Bestselling author Craig Hickman had had enough of the secrets and cover-ups and lies and was determined to solve the mystery of his roots. A brilliant and inspirational vision of love and spirituality, Fumbling Toward Divinity: The Adoption Scriptures chronicles his quest for his birth heritage and the aftermath in a one-of-a-kind, ambitious, and stunning new memoir.

An estimated 7 million Americans are adopted. Depending on their age, many were adopted under the secrecy and shame of the closed adoption proceedings that ruled the day prior to the eighties. Unwanted pregnancies were covered up. Public and private agencies practically guaranteed young mothers and their families that they could go to their graves with their secrets intact.  No one would ever find out who they were, least of all the children they were giving away.  Adoptive parents got little, misleading, or no information about the circumstances surrounding their adopted child's birth.

Imagine growing up and having to witness your doctor mark large black X's through your medical file under the family history section because you have no idea what conditions or diseases run in your bloodline. Imagine living most of your life without ever seeing anyone who looked like you.
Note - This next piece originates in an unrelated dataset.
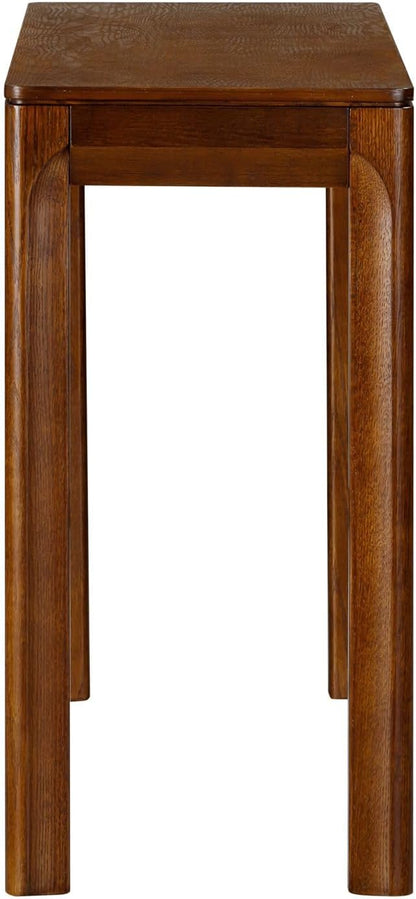 NTC Flow 47-Inch Console Table, Modern Solid Wood Entryway Table with Hidden Drawer, Waterproof & Heat Resistant, Narrow Table for Hallway, Living Room & Foyer, Dark Walnut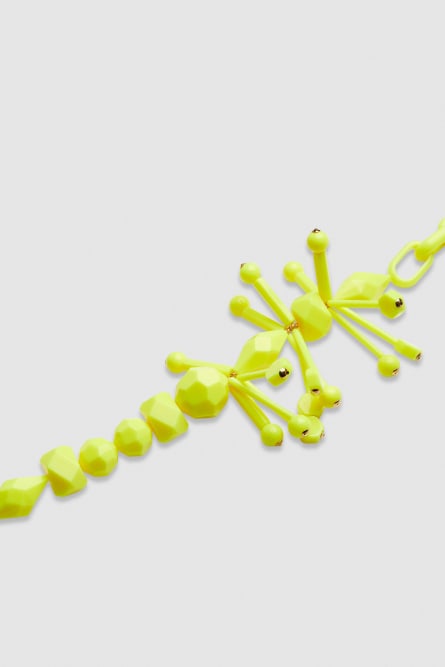 Necklace with Techno Pop Fly appliqu&eacute;, Yellow, Patrizia Pepe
Imagine that when you are finally old enough to get some information about where you came from, your file resembles a classified FBI document littered with long black streaks that render your born identity anonymous.

In this gripping and intimate memoir, Craig Hickman heeds the signs of his life and journeys into uncharted waters. After five years of searching, he shows up unannounced on his birth mother's doorstep. Craig's parents and sister are supportive of his search, as is Job, the Dutchman with whom Craig has shared the last four years of his life. Jennifer, a devout Seventh-Day Adventist, happy that her son has found her, attempts to allay her guilt and shame for giving him up and tries to make up for lost time. After all, she believes her son loves men because she abandoned him at birth.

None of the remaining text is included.